Version 3 (modified by 17 years ago) (diff) | ,
---|
Managing allocated resources
BOINC has a hardwired model of various resources:
- CPUs
- physical memory and swap space
- disk space
Some hosts have other processing resources:
- GPU(s)
- SPEs in a Cell processor
How can we extend BOINC to take these resources into account, i.e. to send the best available app version to hosts, and to execute the best combination of apps on a given host?
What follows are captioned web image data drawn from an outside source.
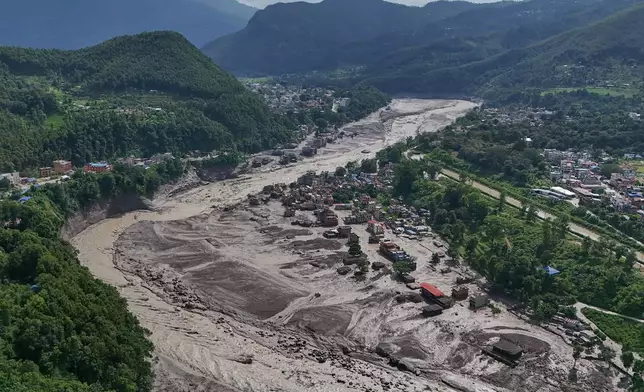 Damaged houses stand precariously near the swollen, debris-choked banks of the Trishuli River after flash floods in Nepal's Nuwakot district on Wednesday, Aug. 26, 2026. (AP Photo/Niranjan Shrestha)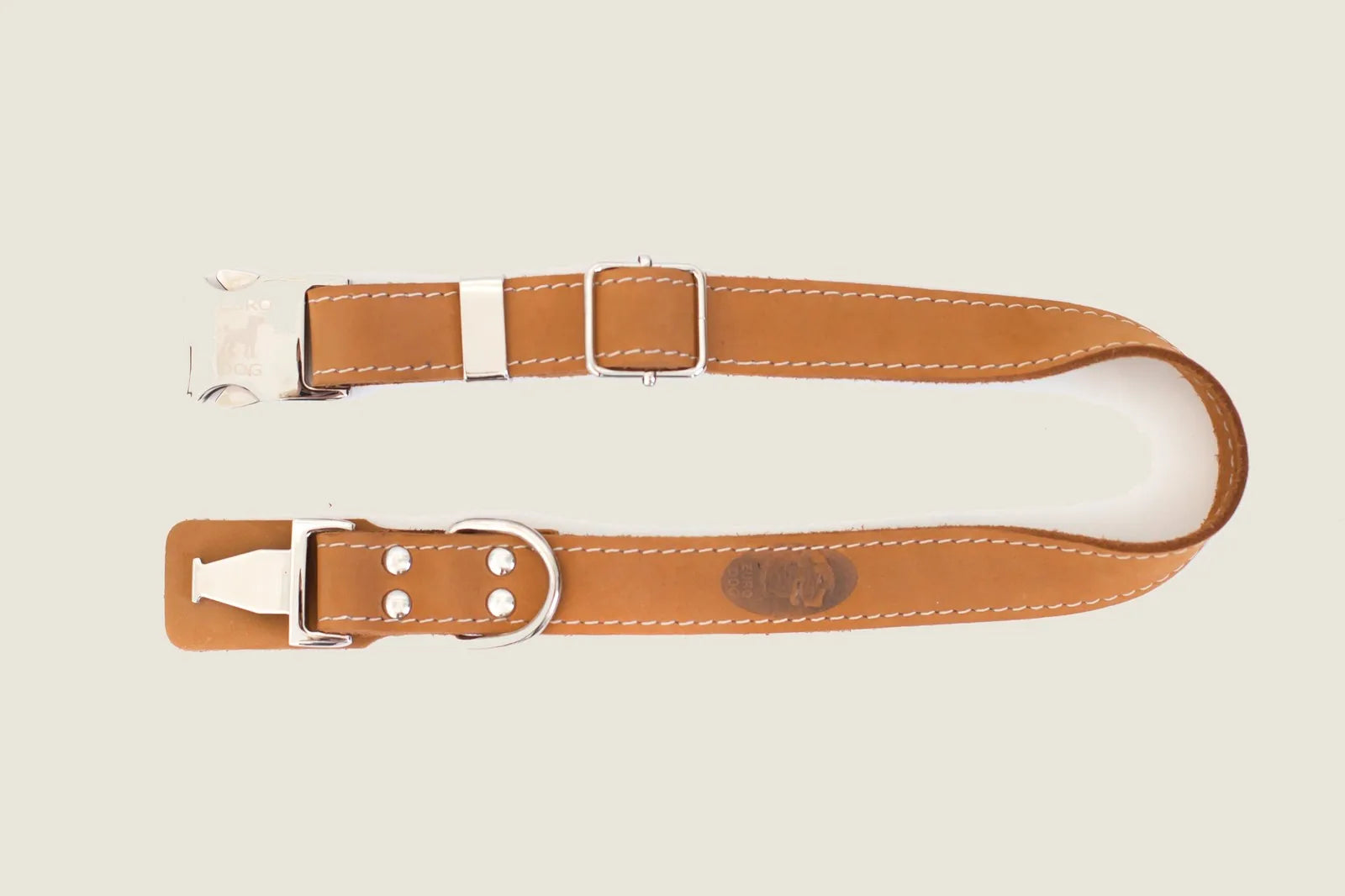 Khaki leather dog collar with metal buckle, featuring a steel D-ring and reinforced stitching for durability.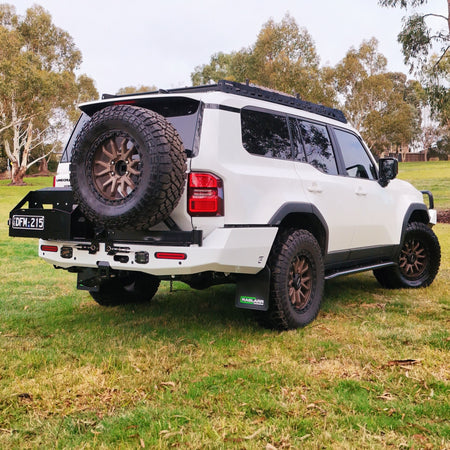 This is an image of the 250 Series Prado Toyota Landcruiser Rear Bar and Wheel Carrier setup by Raslarr Engineering Made in Australia White Black angle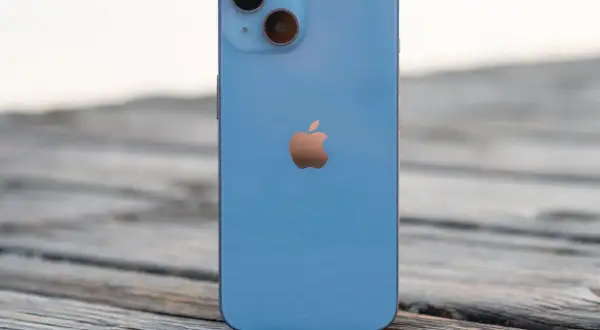 Un iPhone 14 azul descansa sobre madera. ¿Cuánto mide el iPhone 14? Sus dimensiones son perfectas para tu mano.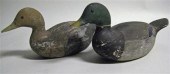 Pair of carved and painted mal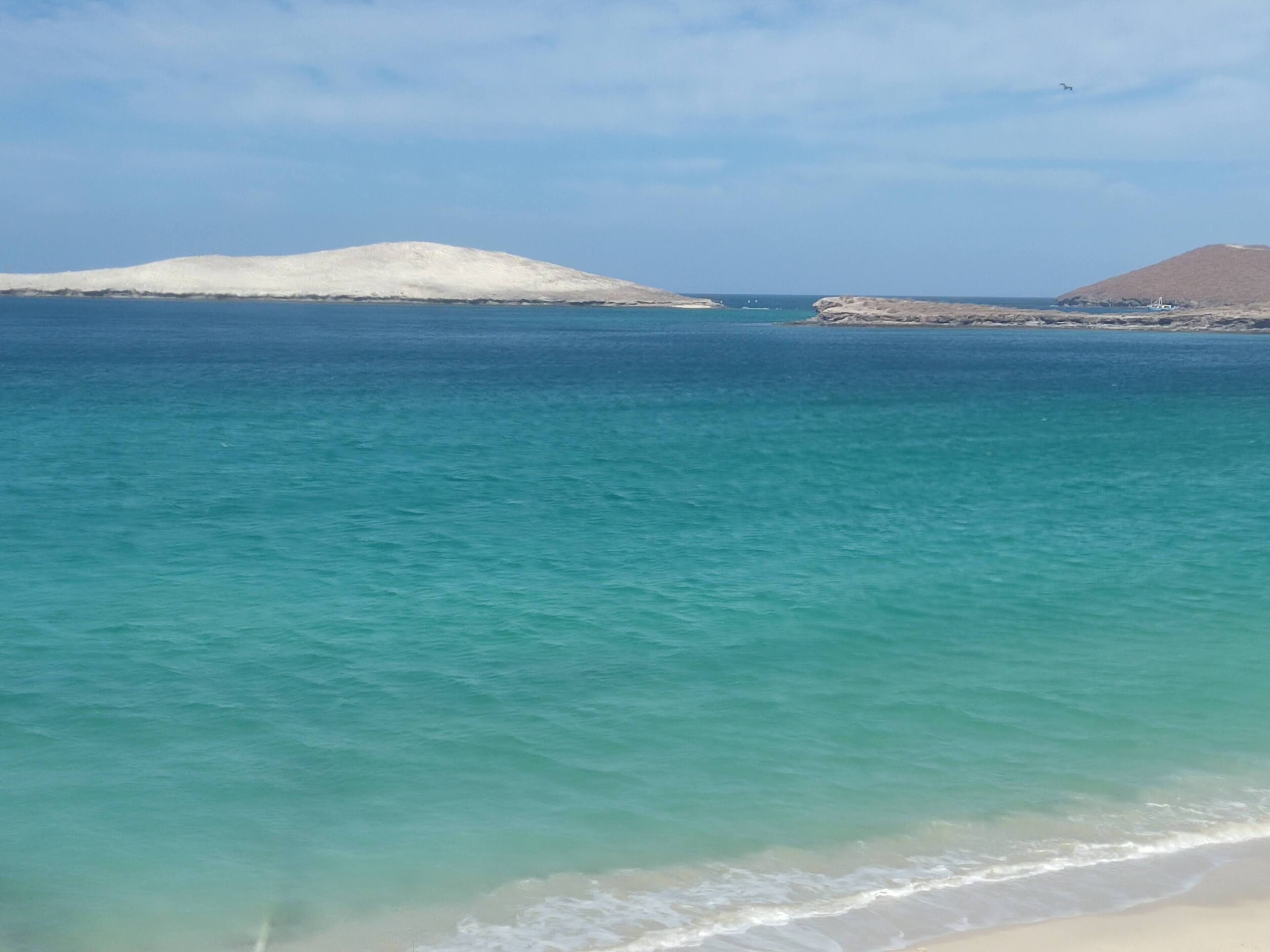 A coastal landscape with clear turquoise waters, sandy beach, and distant landforms.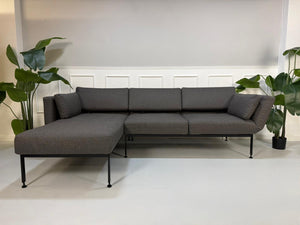 Gebrauchtes graues Brühl Roro Soft Designer Stoff Sofa vor einer Wand, stilvoll und modern eingerichtet.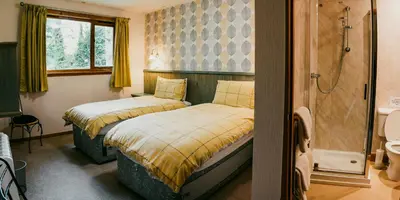 two beds in a bathroom with a shower at Heatheryhaugh Lodges in Moffat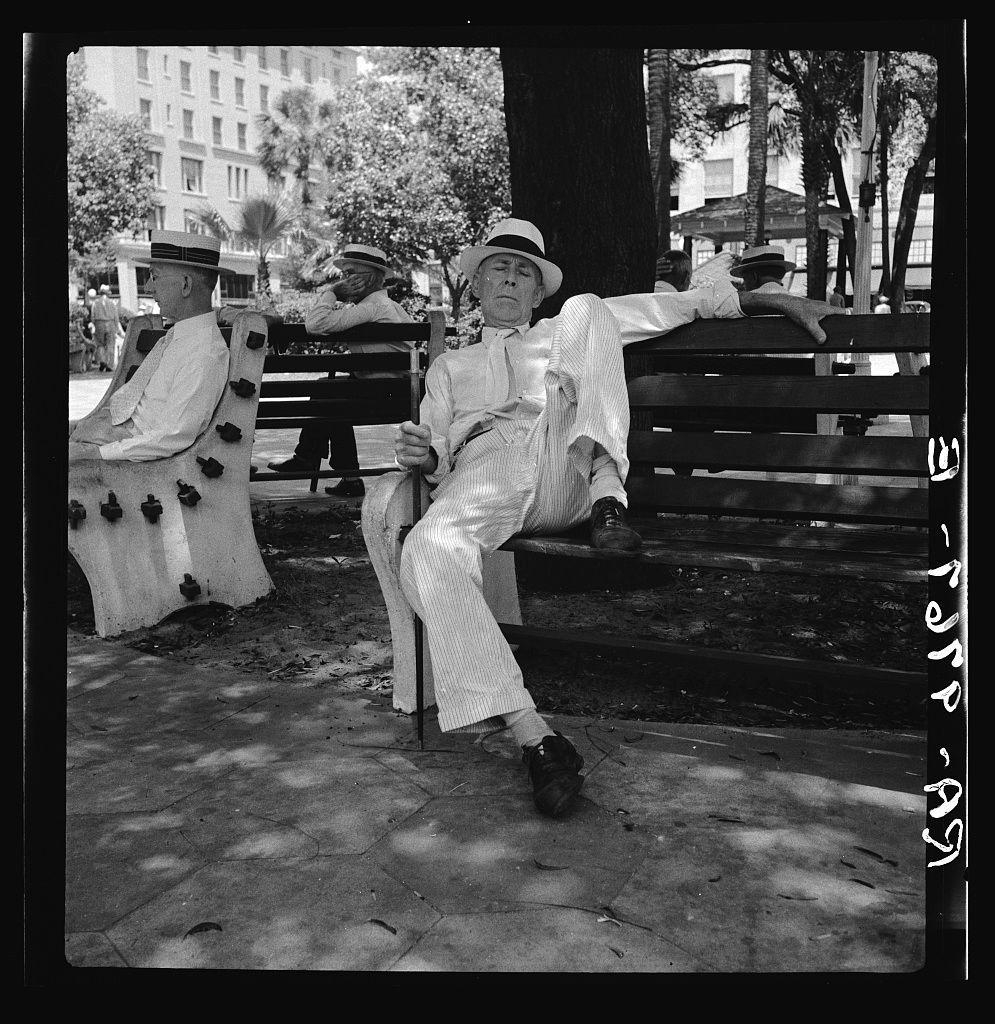 The photograph depicts three individuals seated on benches within an outdoor setting that appears to be a park. The person in the foreground, likely female based on clothing and hairstyle, is leaning back with one leg crossed over her knee while resting against a bench's armrests. She wears striped pants and a white blouse or dress suit paired with dark shoes. Her hat sits slightly tilted as she gazes off to the side.

Behind this individual are two other people seated separately; both appear elderly based on their attire, which includes hats consistent with styles from past decades. The person behind her leans forward while gripping what seems like a cane tightly in hand and is dressed similarly in light-colored stripes or patterns.

The environment suggests an urban park setting during the daytime under clear skies due to shadows cast upon the ground. Trees line the background alongside buildings, possibly indicating that this park exists within a cityscape. The image's black-and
We'll assume that these resources are "allocated" rather than "scheduled": an application using a resource has it locked while the app is in memory, even if the app is suspended by BOINC or descheduled by the OS.
Proposed design
- We define an XML notation for resources. This might look like
<resource> <type>Cell SPE</type> <number>6</number> </resource> <resource> <type>NVIDIA 8800 GPU with 1.7 driver</type> <number>1</number> </resource>
- The BOINC client will discover resources, and will pass the resource description in scheduler request messages.
- An app_version record (in the server DB) will have a new field resource_requirements of the form.
<resource> <type>REGEXP</type> <number>n</number> </resource> ...
A host is "compatible" with an app_version if, for each required resource, the host has at least n instances of a resource whose name matches REGEXP. - In addition, app_version will have an acceleration field, representing the (approximate) speedup relative to CPU-only execution.
- The scheduler will be modified so that, when sending a job to a host, it finds the compatible app_version for which acceleration is greatest.
- The scheduler reply will include app_version.resource_requirements and app_version.acceleration.
- The client will be modified so that it keeps track of resource allocation, i.e. how many instances of each resource are free. It only runs an app if enough instances are available, and it decrements the counts accordingly.
- The client will be modified to use app_version.acceleration in estimating job completion times.
Possible future additions
- Allow app_versions to specify min and max requirements (and have a corresponding allocation scheme in the client).
- Let projects define their own resources, unknown to BOINC, and have "probe" programs (using the assigned-job mechanism) that surveys the resources on each host.
- Store the resource descriptions in the DB (or maybe flat files), so that you can study your host population.